Segundo, los líderes de la derecha parecen creer que basta que ellos gobiernen para que se desate el crecimiento económico. Eso, obviamente, no es así. Hay proyectos que han estado a la espera del resultado de la elección, y el precio del cobre está afirmándose en el extranjero, por lo que el 2018 con alta probabilidad verá un repunte de la inversión y el crecimiento. ¿Y después? El crecimiento de la productividad ha sido mediocre en Chile por casi dos décadas. La diversificación de las exportaciones se estancó incluso antes. ¿Qué hará el equipo de Piñera al respecto? No parecen haberlo pensado mucho, más allá de ciertos mantras sobre la importancia del crecimiento. Su primer gobierno no se permitió grandes errores macro, pero tampoco se gastó capital político en ninguna gran reforma estructural pro productividad y pro crecimiento. ¿Será distinto esta vez? Está por verse.

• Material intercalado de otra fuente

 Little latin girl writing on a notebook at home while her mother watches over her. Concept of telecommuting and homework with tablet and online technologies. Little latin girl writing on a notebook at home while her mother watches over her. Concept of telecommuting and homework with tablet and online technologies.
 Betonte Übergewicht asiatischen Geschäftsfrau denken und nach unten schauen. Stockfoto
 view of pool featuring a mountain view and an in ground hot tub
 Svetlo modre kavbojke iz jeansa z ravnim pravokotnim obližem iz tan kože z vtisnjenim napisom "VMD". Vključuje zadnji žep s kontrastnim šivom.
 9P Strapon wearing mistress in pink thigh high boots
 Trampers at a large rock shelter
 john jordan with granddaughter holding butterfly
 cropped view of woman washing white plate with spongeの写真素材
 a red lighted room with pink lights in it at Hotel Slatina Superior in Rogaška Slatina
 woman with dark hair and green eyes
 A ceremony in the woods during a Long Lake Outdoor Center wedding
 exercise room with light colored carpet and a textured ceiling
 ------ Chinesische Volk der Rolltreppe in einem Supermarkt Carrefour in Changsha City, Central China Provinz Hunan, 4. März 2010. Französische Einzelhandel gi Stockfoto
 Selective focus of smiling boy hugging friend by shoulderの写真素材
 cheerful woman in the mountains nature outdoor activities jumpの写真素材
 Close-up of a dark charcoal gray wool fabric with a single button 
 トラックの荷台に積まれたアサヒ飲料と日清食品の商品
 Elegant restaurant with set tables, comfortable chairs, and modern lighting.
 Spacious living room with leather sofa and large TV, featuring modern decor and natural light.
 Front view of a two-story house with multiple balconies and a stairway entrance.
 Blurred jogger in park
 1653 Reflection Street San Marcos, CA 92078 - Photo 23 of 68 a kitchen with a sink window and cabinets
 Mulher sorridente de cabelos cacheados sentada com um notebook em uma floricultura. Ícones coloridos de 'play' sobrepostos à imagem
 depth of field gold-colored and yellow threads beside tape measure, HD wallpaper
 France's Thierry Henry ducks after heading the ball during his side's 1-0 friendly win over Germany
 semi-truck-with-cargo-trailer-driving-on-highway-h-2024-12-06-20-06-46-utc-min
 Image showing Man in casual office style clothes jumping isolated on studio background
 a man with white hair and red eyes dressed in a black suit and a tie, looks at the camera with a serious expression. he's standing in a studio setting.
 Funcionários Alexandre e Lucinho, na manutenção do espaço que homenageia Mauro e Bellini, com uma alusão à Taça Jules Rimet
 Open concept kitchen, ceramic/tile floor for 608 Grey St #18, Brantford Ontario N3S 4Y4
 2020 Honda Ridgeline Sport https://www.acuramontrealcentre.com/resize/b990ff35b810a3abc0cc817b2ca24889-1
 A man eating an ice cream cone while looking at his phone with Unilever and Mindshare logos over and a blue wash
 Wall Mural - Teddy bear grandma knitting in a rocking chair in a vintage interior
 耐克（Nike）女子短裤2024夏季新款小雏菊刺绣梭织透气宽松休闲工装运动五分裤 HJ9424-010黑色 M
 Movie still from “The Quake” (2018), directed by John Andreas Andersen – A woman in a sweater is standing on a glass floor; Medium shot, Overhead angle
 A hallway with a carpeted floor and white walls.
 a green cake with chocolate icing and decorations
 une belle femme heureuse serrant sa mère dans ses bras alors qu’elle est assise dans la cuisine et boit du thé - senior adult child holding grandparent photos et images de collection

¿Qué análisis hace de la situación de la Nueva Mayoría?
Así como la Concertación fue de las alianzas políticas más duraderas de la historia de Chile, parece que la Nueva Mayoría será de las más breves. Hizo un diagnóstico errado -los chilenos querían arreglar su casa, no echarla abajo y construir otra- y sobre esa base errada llevó a la práctica reformas de dudosa factura técnica. Marginó al centro y para la DC la política de aceptar las reformas, pero con “matices”, terminó imponiendo costos electorales que hoy día son obvios. La Concertación logró la colaboración del centro y la izquierda moderada. La Nueva Mayoría terminó por hacer imposible esa coexistencia.

Ayer se conoció una entrevista que revela que el Banco Mundial habría manipulado la posición de Chile en el ranking de competitividad mundial, perjudicando los gobiernos de Bachelet. ¿Qué tan grave es esta afirmación?  ¿Tuvo dudas alguna vez de esta medición, considerando que usted ministro de Hacienda del primer gobierno de Bachelet?
No está para nada claro qué ocurrió. Parece grave, pero se necesitan más antecedentes. Si la metodología se cambió para todos los países, entonces puede ser errado, pero no constituye manipulación. Si los datos que se entregaron desde Chile eran erróneos, entonces es otra cosa.

¿Habrá Velasco 2022?
Chile acaba de elegir un nuevo presidente y yo -en lo personal- acabo de perder una elección. Me parece surrealista estar conversando quién será o no candidato en cuatro años más.